The ORD corpus allows to examine speech on various linguistic levels: phonetic, lexical, grammatical, semantic, and pragmatic. Moreover, the detailed examination of corpus data led us to unexpected conclusions: the ORD recordings give valuable research data for many other interdisciplinary studies like anthropological linguistics, behavioral and communication studies, studies in pragmatics, discourse analysis, psycholinguistics, and forensic phonetics. The corpus can also be used for didactic purposes when studying colloquial Russian as a foreign language, etc. This paper focuses on the two important ORD applications.
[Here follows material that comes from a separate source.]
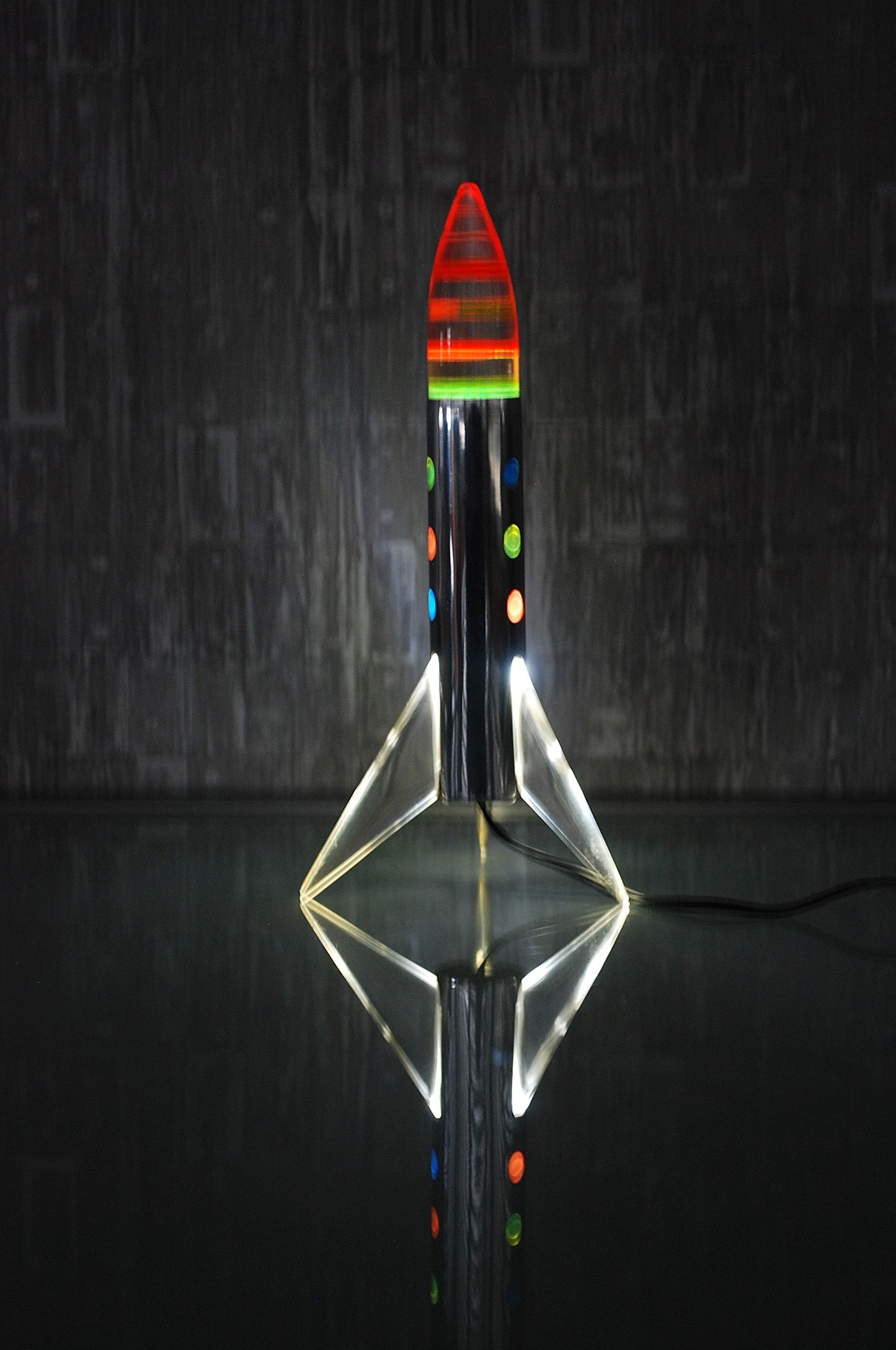 Raket lamp staand op 3 vleugels met gekleurde schijven punt. *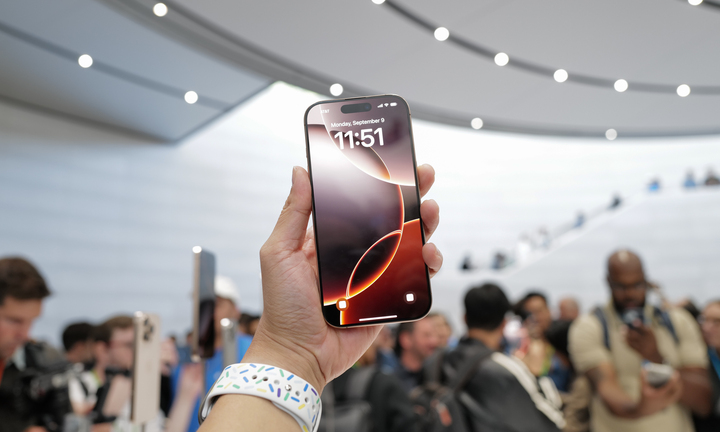 Bán lại suất mua iPhone 16 sớm, chốt lời cả triệu đồng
Applications for Speech Technologies. Statistical description of Russian spontaneous speech in everyday interaction is very significant for adjustment and improvement of speech synthesis and recognition systems. Thus, speech transcripts of the ORD corpus may be used for building n-gram language models for speech recognition systems that predict the probability of a given word on the basis of the preceding n−1 words. The study of spontaneous speech reduction [2] may be used for building an authentic lexicon of word pronunciations. Besides, the specialists in speech technologies express interest in the lists of the most frequently used Russian utterances [3] and in temporal patterns of speech obtained from the ORD data.

Sociolinguistic studies. Several pilot sociolinguistic investigations were made in a last few years based on the ORD data: e.g., speech rate studies, comparison of men’s and women’s social behavior, etc. Recently, a large sociolinguistic project has been started with an aim to analyze everyday Russian with focus on social differentiation (age-, gender-, education-, professional-related groups, etc.). Sociolects are to be described on phonetic, lexical, and grammar levels. One of the most significant objects of this project is to reveal distinctive speech features between different social groupings (e.g., young people vs. older people, men vs. women, blue collars vs. white collars, etc.). Besides sociolinguistics, the results of this project will be a very valuable material for forensic linguistics as well. The research is supported by the Russian Scientific Foundation, project # 14-18-02070 "Everyday Russian Language in Different Social Groups".

The list of possible applications of the ORD corpus may be further continued.